Goal of the exercise: Would you return the listing that follows exactly, leaving its pictures behind?

Data provided:
--- START ---

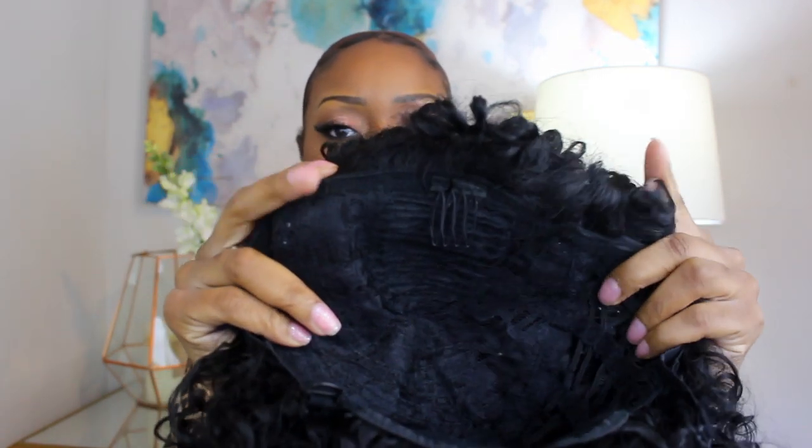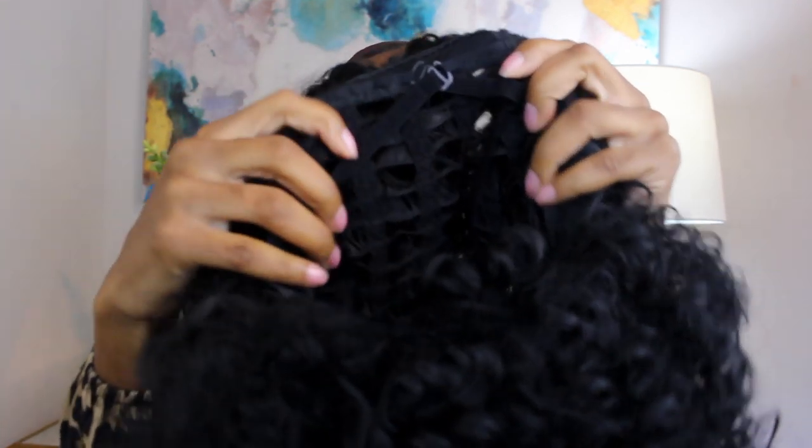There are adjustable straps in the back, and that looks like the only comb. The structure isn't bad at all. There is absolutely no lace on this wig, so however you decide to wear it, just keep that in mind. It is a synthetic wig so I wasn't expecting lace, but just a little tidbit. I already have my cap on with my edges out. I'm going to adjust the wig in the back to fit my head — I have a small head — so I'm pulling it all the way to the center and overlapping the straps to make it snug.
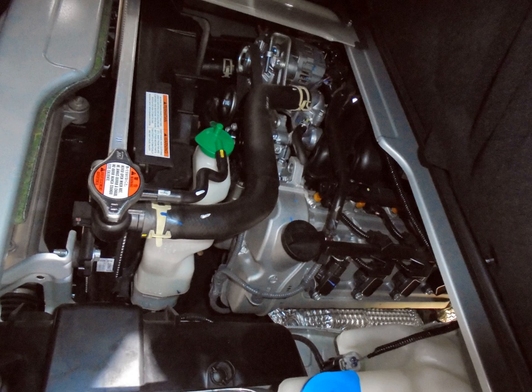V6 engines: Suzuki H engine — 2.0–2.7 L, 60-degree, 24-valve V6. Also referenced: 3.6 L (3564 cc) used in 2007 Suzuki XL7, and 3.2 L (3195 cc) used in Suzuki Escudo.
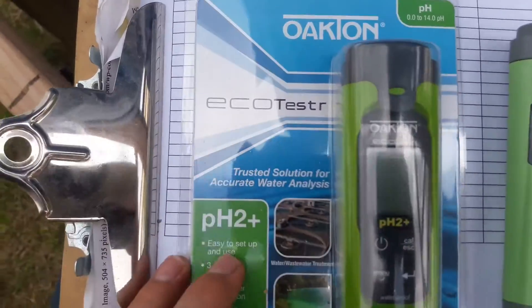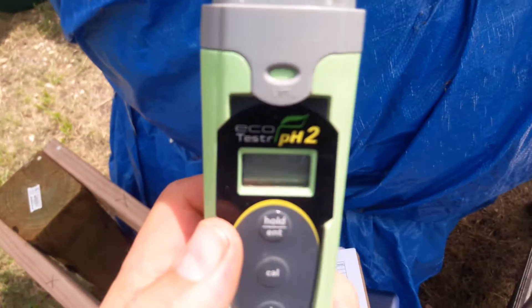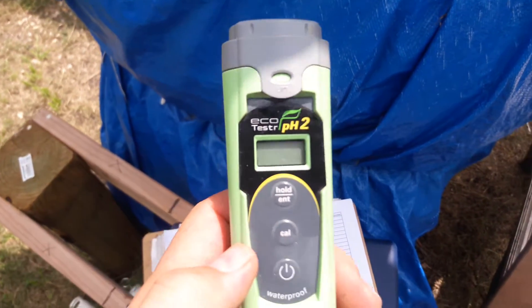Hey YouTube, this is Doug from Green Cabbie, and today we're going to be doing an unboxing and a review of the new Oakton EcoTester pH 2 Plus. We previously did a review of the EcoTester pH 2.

--- END ---

Written solution:
There are adjustable straps in the back, and that looks like the only comb. The structure isn't bad at all. There is absolutely no lace on this wig, so however you decide to wear it, just keep that in mind. It is a synthetic wig so I wasn't expecting lace, but just a little tidbit. I already have my cap on with my edges out. I'm going to adjust the wig in the back to fit my head — I have a small head — so I'm pulling it all the way to the center and overlapping the straps to make it snug.
V6 engines: Suzuki H engine — 2.0–2.7 L, 60-degree, 24-valve V6. Also referenced: 3.6 L (3564 cc) used in 2007 Suzuki XL7, and 3.2 L (3195 cc) used in Suzuki Escudo.
Hey YouTube, this is Doug from Green Cabbie, and today we're going to be doing an unboxing and a review of the new Oakton EcoTester pH 2 Plus. We previously did a review of the EcoTester pH 2.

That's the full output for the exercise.